══ Material for the task ══

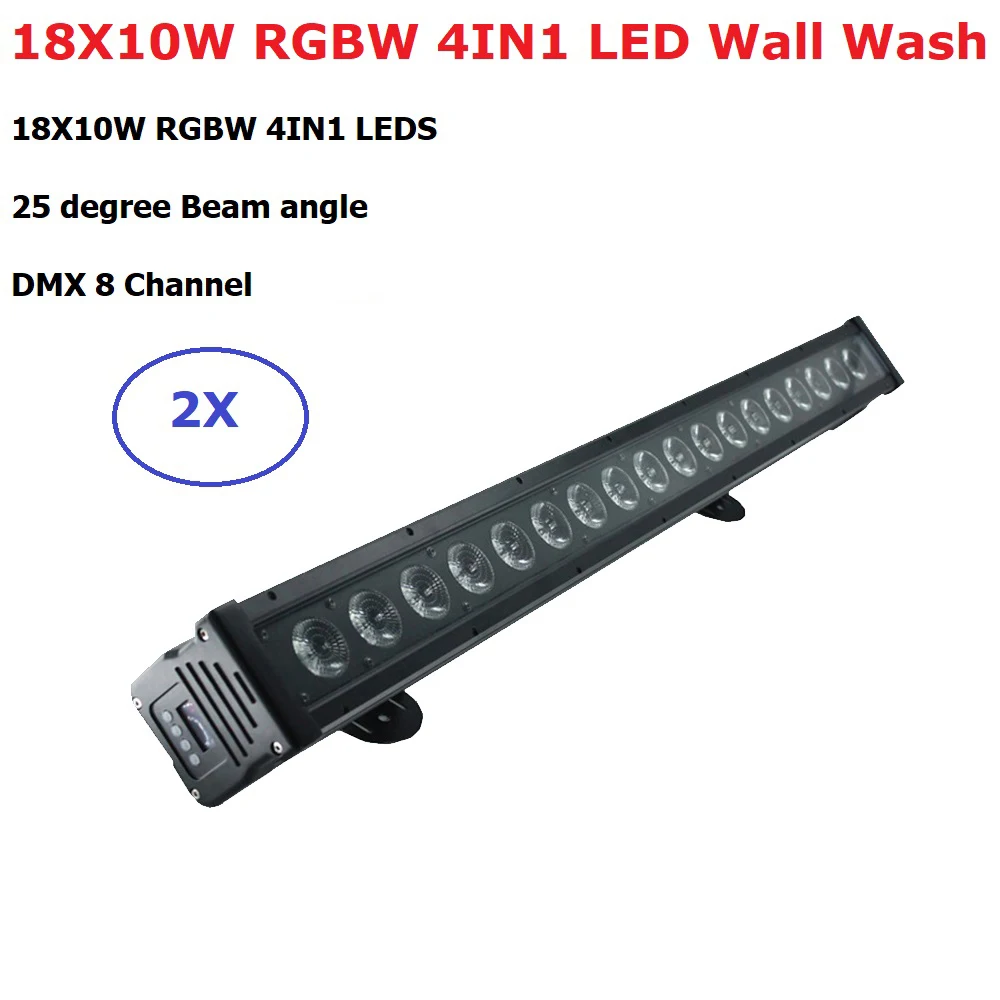 Waterproof LED Wall Wash Light 18X10W RGBW 4IN1 DMX Line Bar Wash Wall Light IP65 Outdoor Light For Disco Night Club Wedding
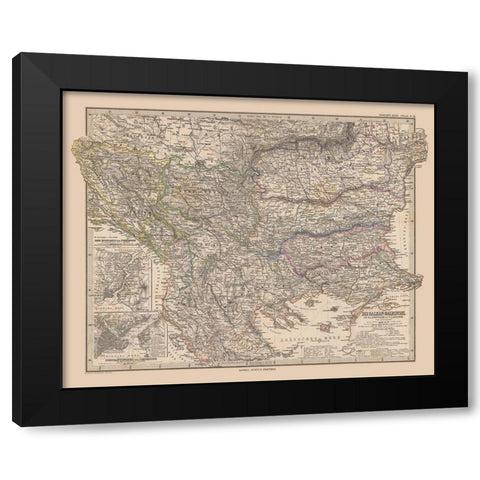 Balkan Peninsula Europe - Stieler 1885 Black Modern Wood Framed Art Print by Stieler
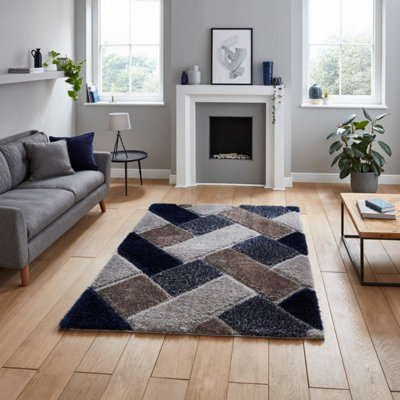 Grey Navy Shaggy Geometric Modern Rug for Living Room Bedroom and Dining Room-80cm X 150cm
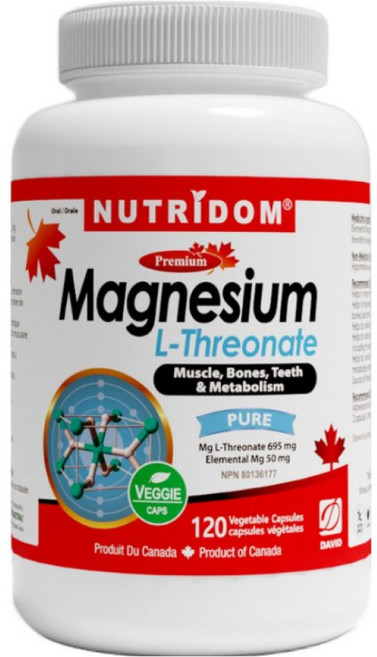 뉴트리돔 트레온산 마그네슘 L-트레오네이트 트리오네이트 Magnesium L-Threonate 120베지캡슐 캐나다 직구, 1개, 120정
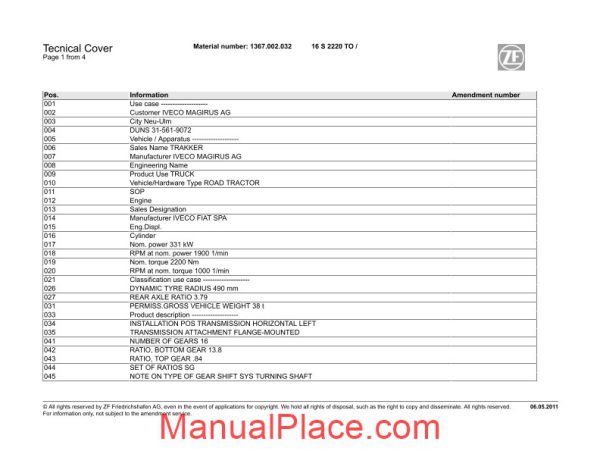 zf 16s 2220 to 1367 002 032 2011 spare parts catalog page 2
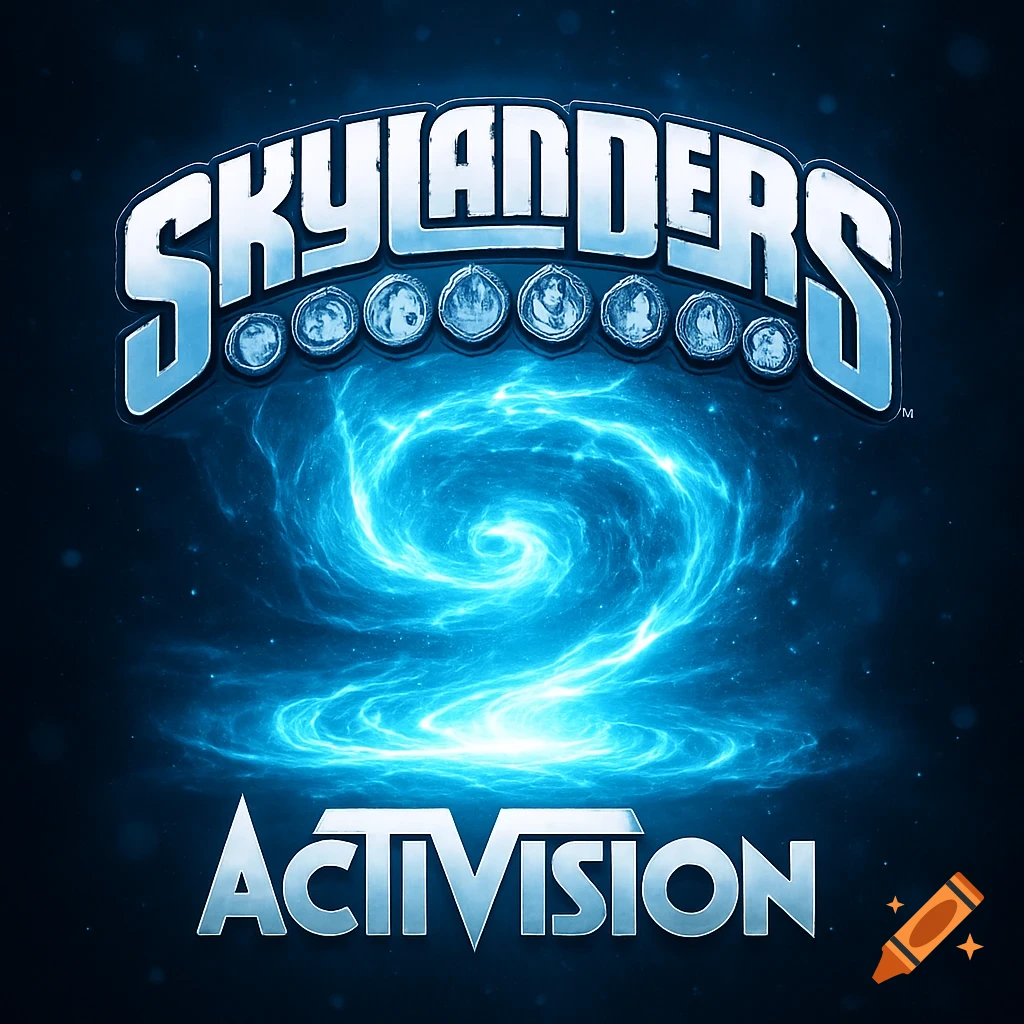 The Skylanders logo featuring blue swirling energy and the Activision logo on a dark background.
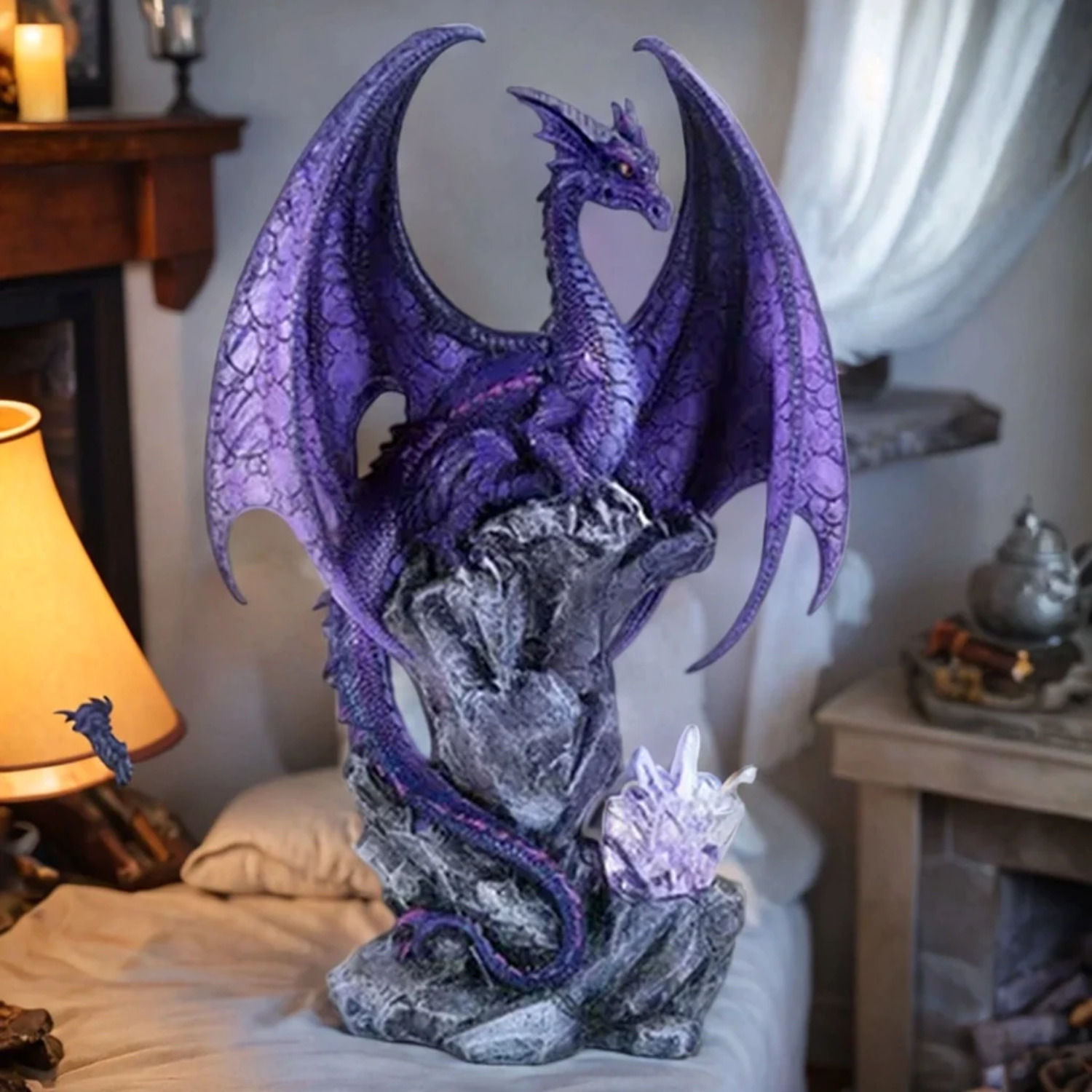 Large Winged Purple Dragon with LED Light Purple Crystal Rock 18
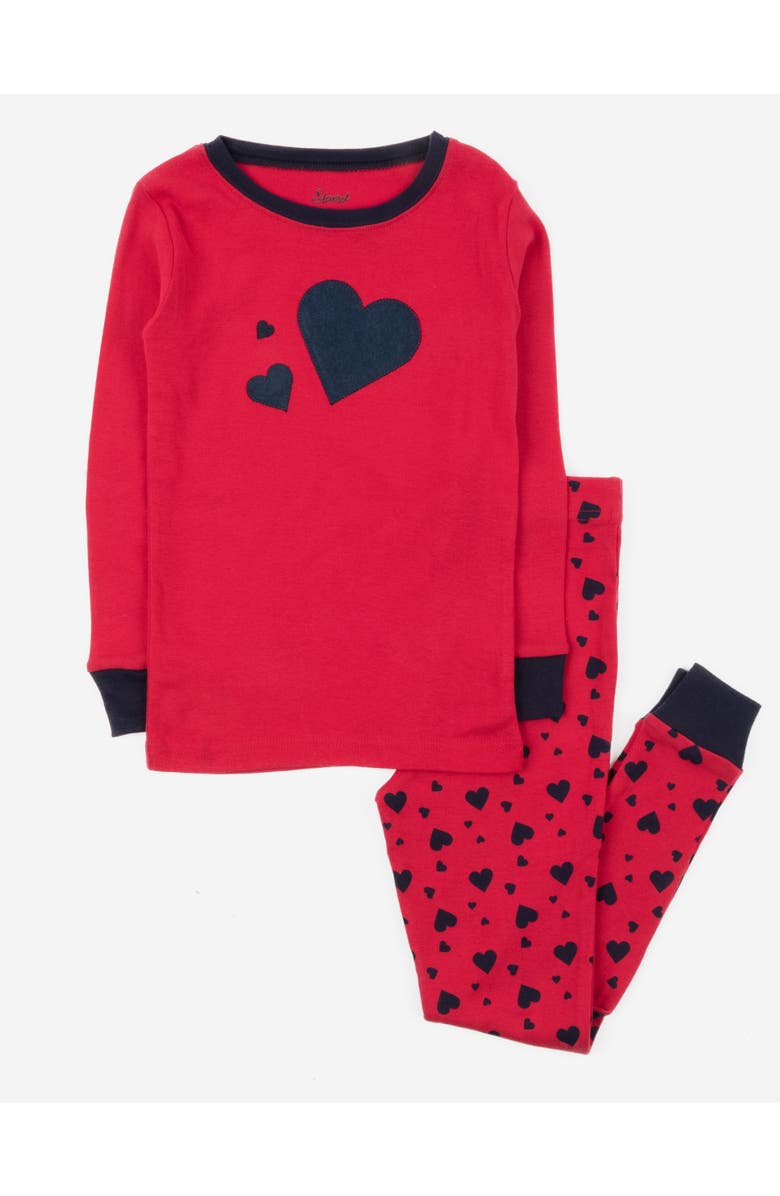 Leveret Two-Piece Cotton Printed Matching Family Pajamas, Playful Graphics, Main, color, Navy Hearts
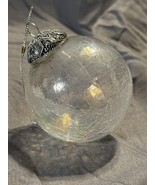 Vintage Crackle Glass Ornament Silver Filigree Cap Heavy 3” Elegant Decor - $22.03 CAD
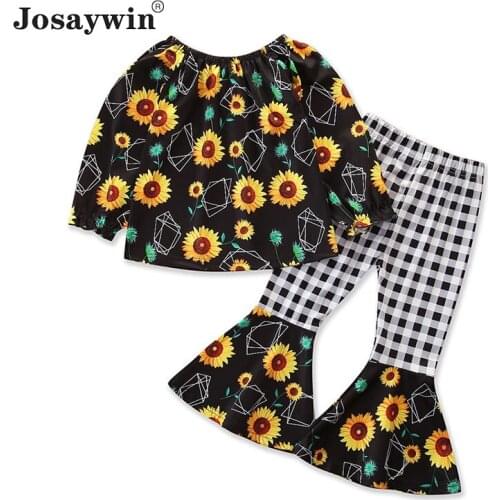 Josaywin Baby Clothes Children Suits Kids Girls 2 Pieces Sets Long Sleeve Top+pant Summer Autumn Print Girl Baby Clothes Sets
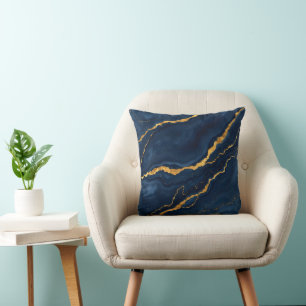 Populäre Navy Blue Gold Marmorsammlung Kissen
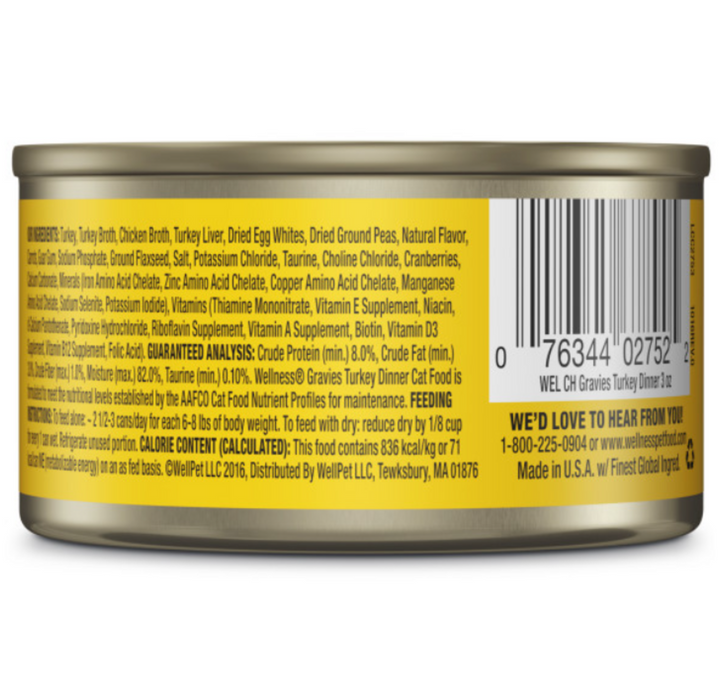 Wellness Natural Grain Free Gravies Turkey Dinner Canned Cat Food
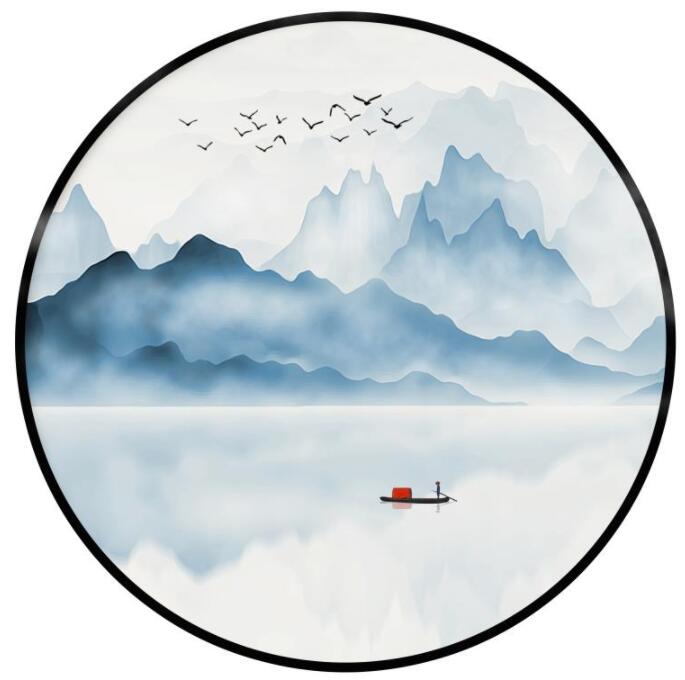 圆形 水墨山水背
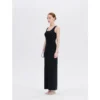 ousph black u-neck sleeveless waisted maxi dress side view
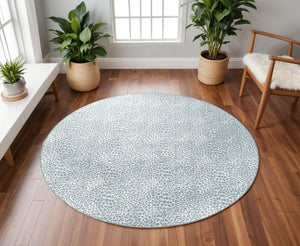 Homeroots 8' X 8' Grey Leopard Print Round Shag Handmade Non Skid Area Rug  Polyester 491660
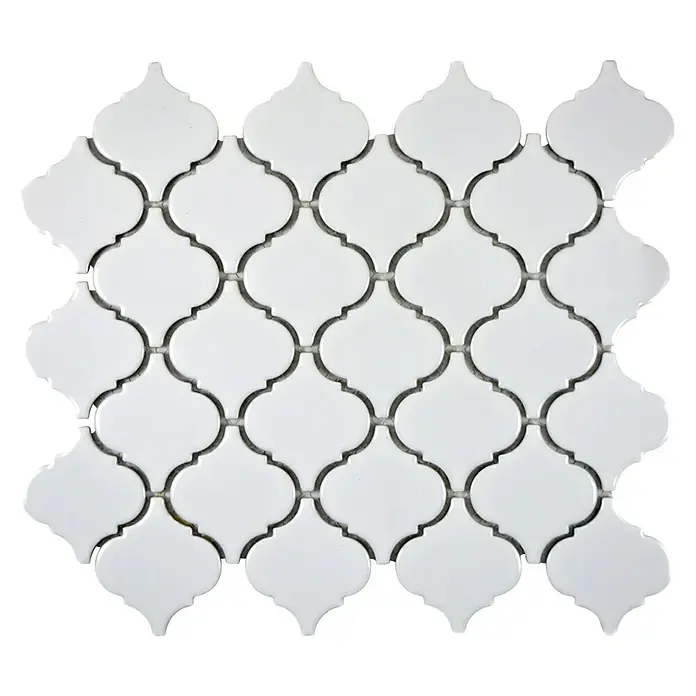 Mosaikfliese Florentiner Uni CLP 1WG - 29,3 x 24,5 cm, Weiß, Glänzend - Ansicht von oben
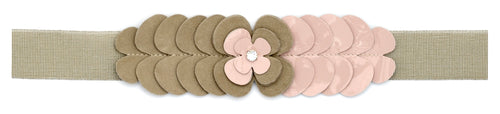 CINTURA CON BASE IN GROS-GRAIN + FIORI IN CAMOSCIO E VERNICE CON 1 PUNTO LUCE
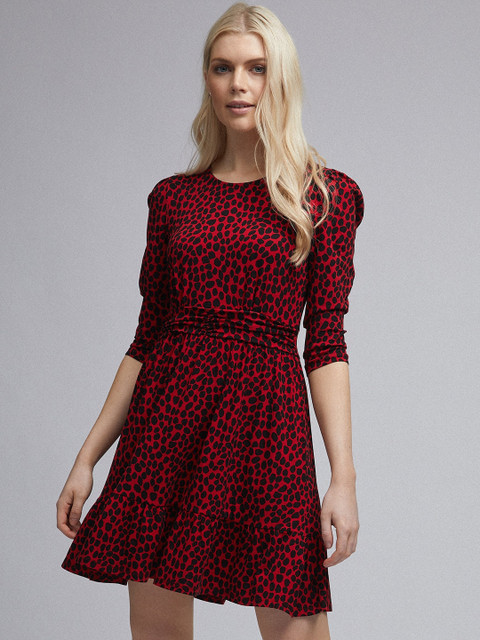 

DOROTHY PERKINS Women Red & Black Animal Printed A-Line Dress
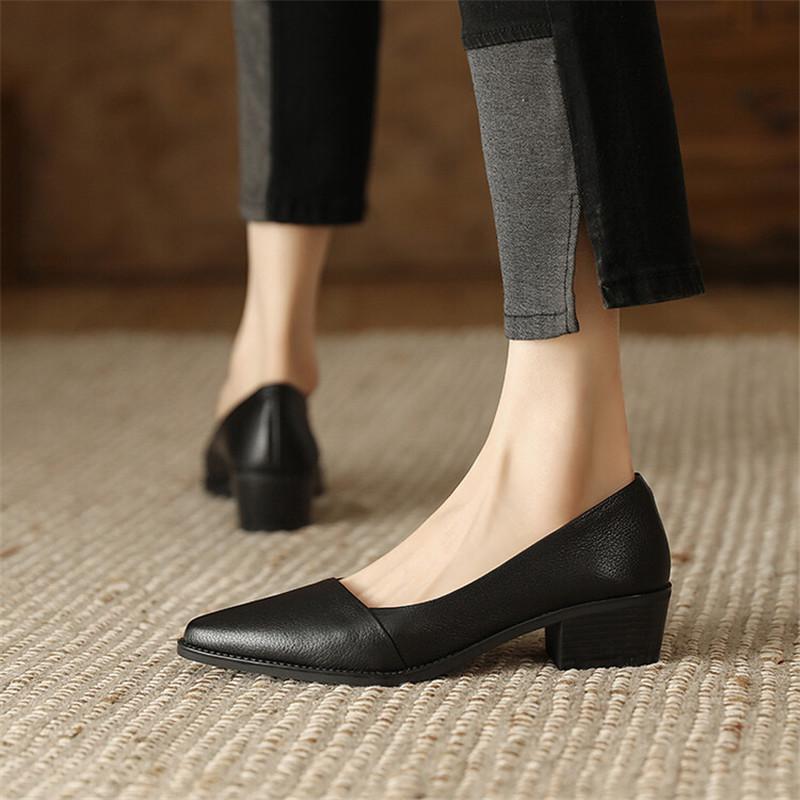 Fashion New Spring/Summer Women Shoes Pointed Toe Chunky Heel Shoes for Women Handmade Genuine Leather Women Pumps Zapatos De Mujer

═══

Starting with the line that contains "CINTURA CON BASE", copy every line word for word through the end of the listing above, but leave out the pictures.

**Problem solution:**
 CINTURA CON BASE IN GROS-GRAIN + FIORI IN CAMOSCIO E VERNICE CON 1 PUNTO LUCE

DOROTHY PERKINS Women Red & Black Animal Printed A-Line Dress
 Fashion New Spring/Summer Women Shoes Pointed Toe Chunky Heel Shoes for Women Handmade Genuine Leather Women Pumps Zapatos De Mujer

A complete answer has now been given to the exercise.